The records are to be copied from the line that contains "คุณภาพดี EDS-510A-1GT2SFP สวิตช์อุตสาหกรรมแบบจัดการได้" through their last line, word for word, with every picture left out.

===

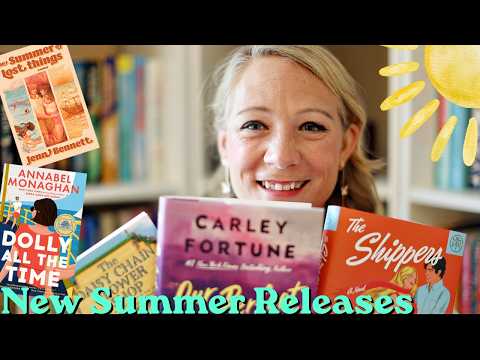 🌴ARE THESE NEW SUMMER RELEASES WORTH THE READ?🌴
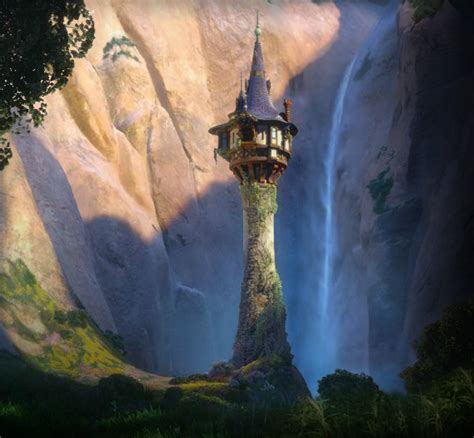 Rapunzels Tower Disney Wiki Fandom Powered By Wikia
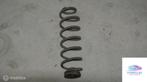 Spiraalveer achter Volkswagen Polo 9N ('01-'05) 6Q0511115K, Gebruikt, Ophalen of Verzenden, Skoda, Skoda
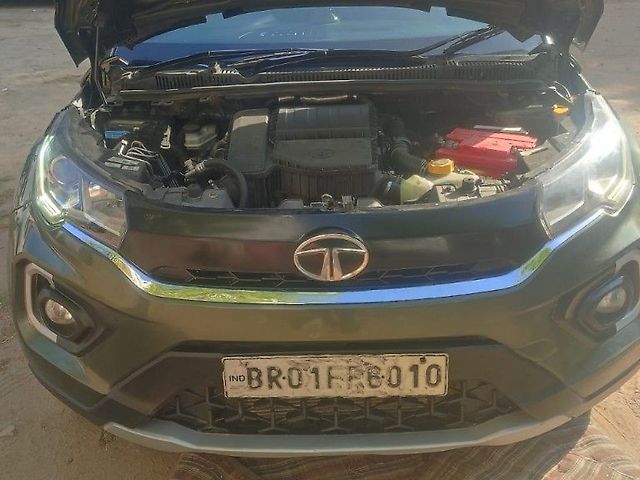 Used Tata Nexon [2017-2020] XZ Plus Diesel in Patna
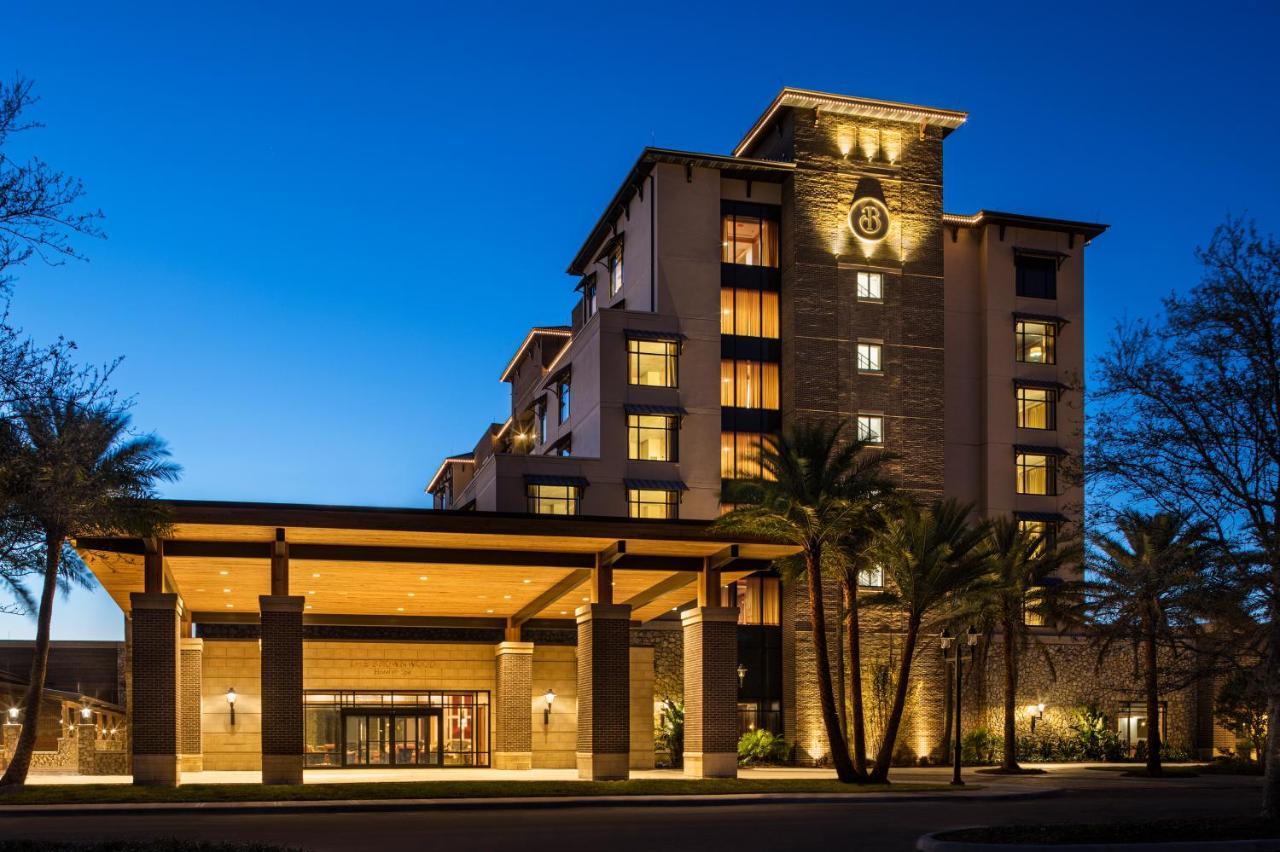 The Brownwood Hotel & Spa The Villages Exteriör bild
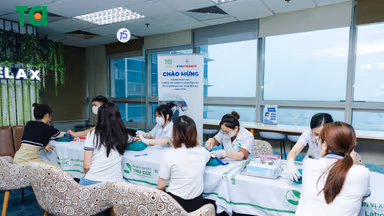 Bệnh văn phòng phổ biến khi khám sức khỏe doanh nghiệp định kỳ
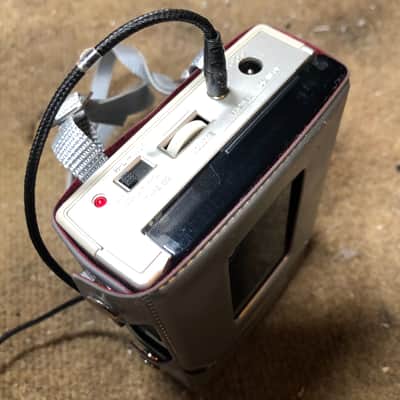 WalkMan Portable Cassette Player 80's image 8
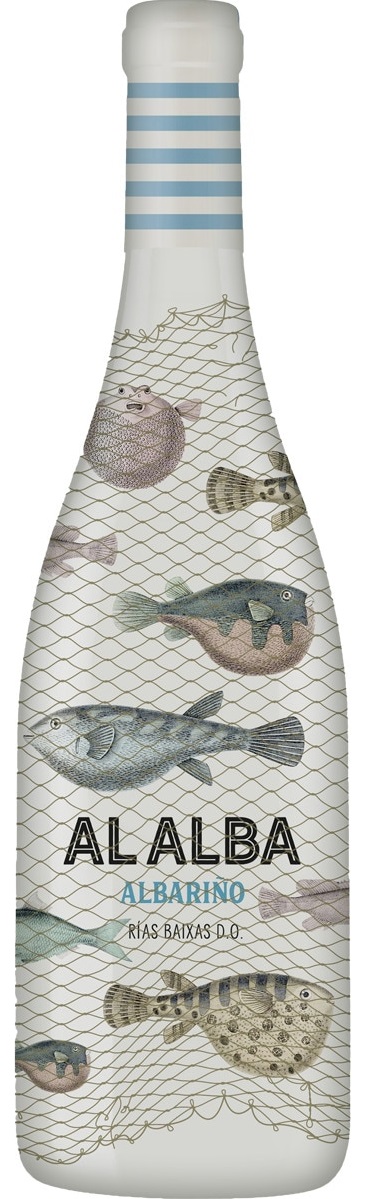 Alalba Albarino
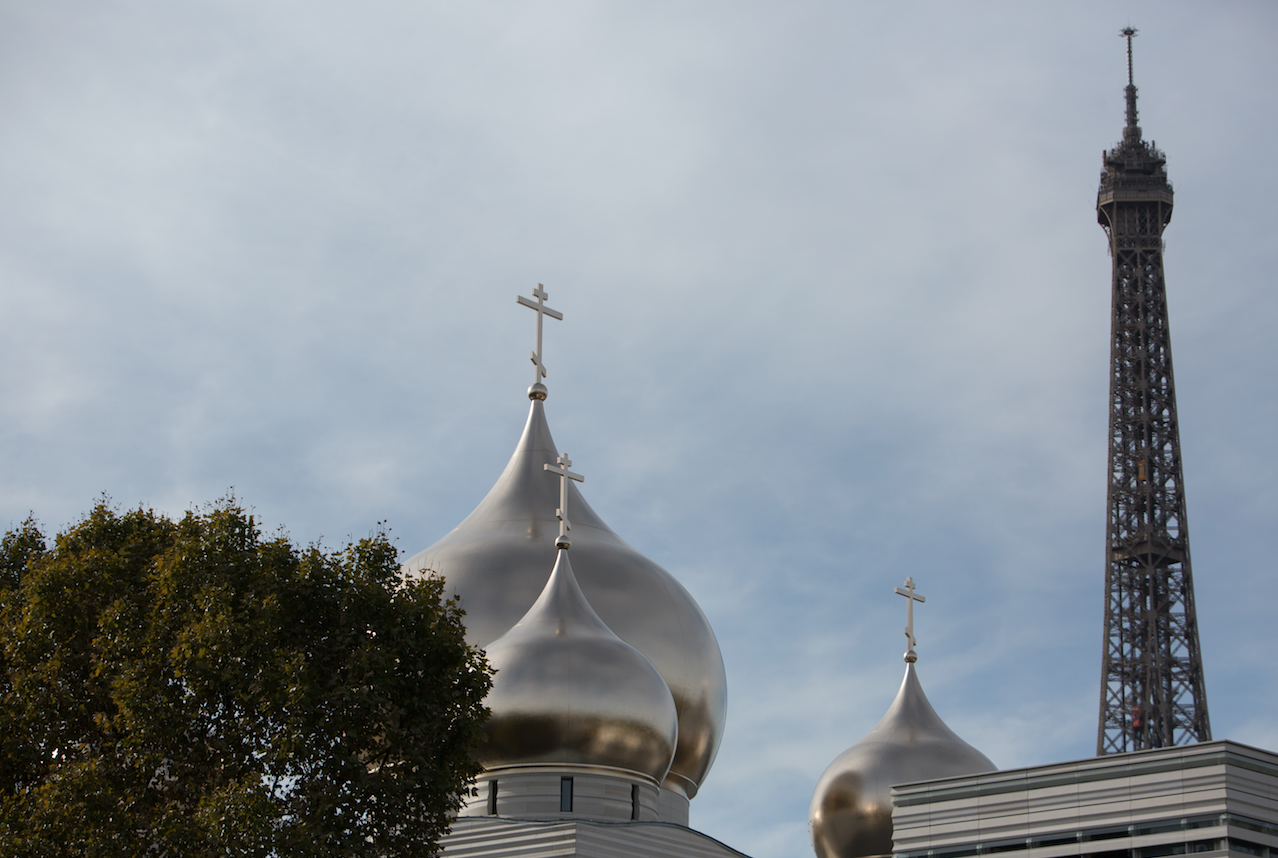 Духовно православный центр. Русский культурный центр в Париже. Православная Церковь в Париже.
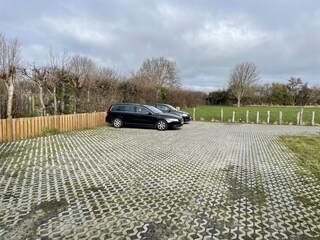 Vakantieappartement Vrouwenpolder Buitenaudio-opname 8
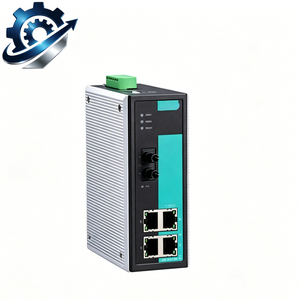 คุณภาพดี EDS-510A-1GT2SFP สวิตช์อุตสาหกรรมแบบจัดการได้ 10 พอร์ต กิกะบิต สำหรับการตรวจสอบความปลอดภัย บรรจุภัณฑ์เดิม - Product Image 6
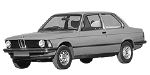 BMW E21 P20AA Fault Code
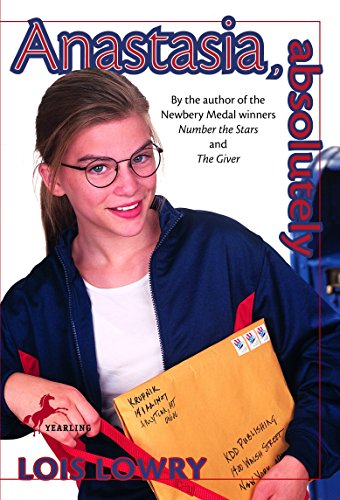 Beispielbild fr Anastasia Absolutely (Anastasia Krupnik Series) zum Verkauf von Wonder Book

===

▶ **Exercise result**
 คุณภาพดี EDS-510A-1GT2SFP สวิตช์อุตสาหกรรมแบบจัดการได้ 10 พอร์ต กิกะบิต สำหรับการตรวจสอบความปลอดภัย บรรจุภัณฑ์เดิม - Product Image 6
 BMW E21 P20AA Fault Code
 Beispielbild fr Anastasia Absolutely (Anastasia Krupnik Series) zum Verkauf von Wonder Book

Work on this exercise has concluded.